Having already used JVC for the past decade, Martin and his team knew that the brand would be ideal for the station. “We really like the viewfinders, pan-zoom-focus controls and RCU functionality,” adds Martin. “Due to the unique configuration of our control room, we also asked JVC to assist with creating a special mount to hold those three camera controls in a more upright, tilted position, rather than the standard, flat, desktop version; that has worked well for us. The other great part about the new system is that the vectorscope and waveform information are instantly displayed on the engineering screen. With JVC, the overall quality of our productions has substantially risen above members’ expectations. When people think of public access, they think of how things looked in the 90s. Being able to give the public an opportunity to use professional level gear is extremely beneficial and simplified by brands like JVC.”
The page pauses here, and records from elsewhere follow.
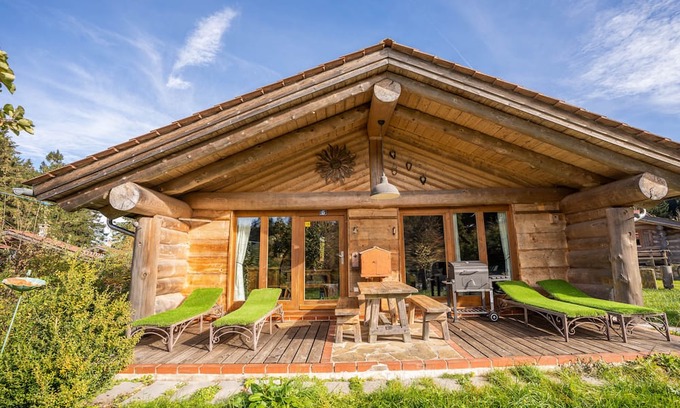 Sankt Englmar Cabina | Charmantes Blockhaus im Bayrischen Wald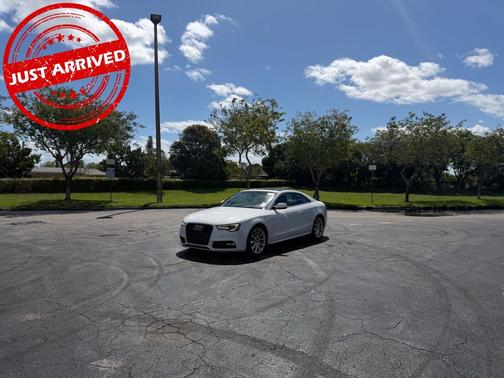 2015 Audi A5 2.0T Premium Plus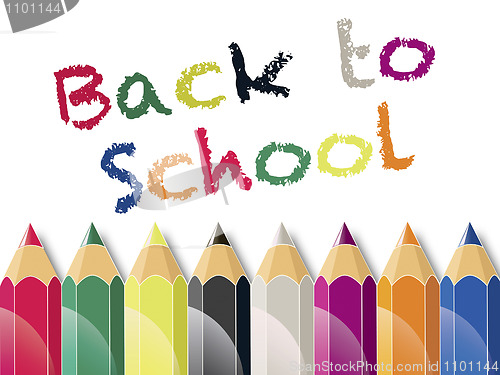 Image of Back to School Color Pencils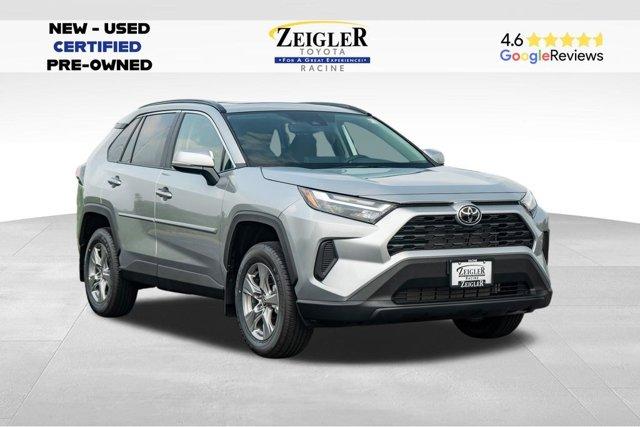 Photo of 2025 Silver Sky Metallic Toyota RAV4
As a community-driven studio, Access Sacramento’s main user base ranges from beginners and those who are re-careering, to those who are retired and still want to use their professional skills. “The nice part about the JVC equipment is that it is user-friendly,” continues Martin. “In a short amount of time, I can teach someone with very little experience how to operate the camera. Additionally, JVC helps to make sure the cameras match up in the studio, both with syncing and picture quality. That ease of operation ensures that members are able to create their programs without having to worry about the more in-depth technical aspects of TV production. We don’t want technology to get in the way of our members having their voice in the community. JVC’s products have been the foundation of how we teach our members to do television.”

In addition to the quality of the cameras, Martin credits JVC’s customer support as being top-notch. “Anytime we have a question – whether it’s the equipment, operation, set up or maintenance, the JVC staff has been tremendous. Even when one of our old cameras suddenly had a black dot appear out of nowhere, the JVC team was able tell the engineer how to navigate the menus to do a pixel shift and the problem just disappeared. That camera is nearly 10 years old and it still in operation.”

Access Sacramento is a non-profit public access station that provides 100 percent local television and radio programming to the greater Sacramento region. The station delivers free coverage of important community events and sports, professional development and enrichment courses, media arts opportunities and topically important programs for the region’s diverse population. Since 1996, the station has presented a weekly arts and culture interview show, called “Live Wire” on Wednesdays. It also airs a music program called “Listen Up Sacramento,” which features up-and-coming local bands playing a 30-minute live set. A historical program called “Living in the West” is a documentary-style show designed to teach students the history of California.